A vital aspect to the living Buddhist tradition that we experience today is the presence of the householder tradition in Tibet.
During the 9th century the Dharma faced numerous attacks from the Tibetan king and it was the householder tradition that allowed the Dharma to be continuously transmitted and realized.
Someone who belongs to this householder tradition is called a Ngakpa, or Ngakma for women. A Ngakpa is someone who has taken a non-monastic vow. They are men and women who practice within the Vajrayana tradition and do so within the context of their normal, daily life.
The householder tradition is often called the White Sangha, because they often wore white robes or had the traditional red and white striped robe. They were artists, doctors, architects, writers and farmers. They were professionals dedicated to their practice. They were highly educated and held important roles in their communities. They often had families and worldly responsibilities, but they also devoted significant time to retreat and practice.
The ngakpas practice is one of immersion. They were the working basis through which the teachings expressed themselves. Their practice isn't purely philosophical; it is felt, lived. Samaya is the root of the ngakpa vow. This samaya or heartfelt connection is what the ngakpa or ngakpa upholds.
There are family lineages of ngakpas, where a particular practice or lineage of teachings is passed from one generation to the next. A ngakpa may also be any individual who upholds that heartfelt connection and is immersed and engaged with the teachings under a qualified lineage holder.

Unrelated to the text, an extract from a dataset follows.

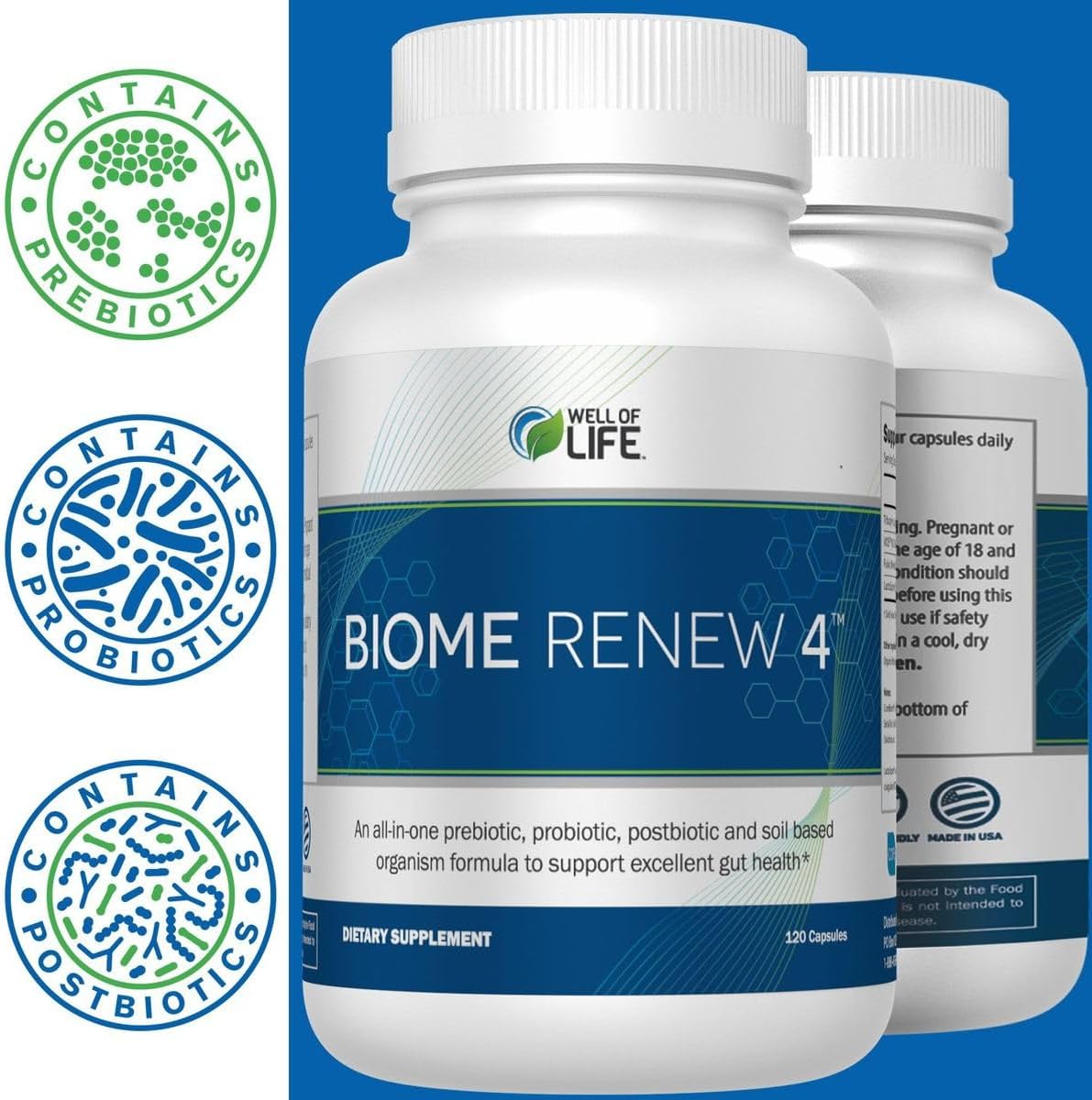 Biome Renew 4 - All-in-one Digestive & Gut Health Formula - w/Digestive Enzymes Prebiotics & Probiotics for Healthy Gut Biome for Men and Women - Supports Gut Lining, Gas & Bloating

The ngakpas organized themselves into Houses, often naming a House after a particular region, like the Rebkhong House to which Shabkar belonged. The ngakpas organized themselves and their lives around their practice. No one really knew who the really great practitioners were. They weren't spiritual materialists who were caught up in wearing the right costume. They were dedicated to their practice and concerned with upholding that heartfelt connection and then sharing it with others. The genuine ones gained accomplishment as siddhas and the lineage flourished as a result of their practice and determination.
This householder tradition continues to this day. It is in contrast to the monastic tradition, but it is no less important. It remains a vital life line for the Dharma.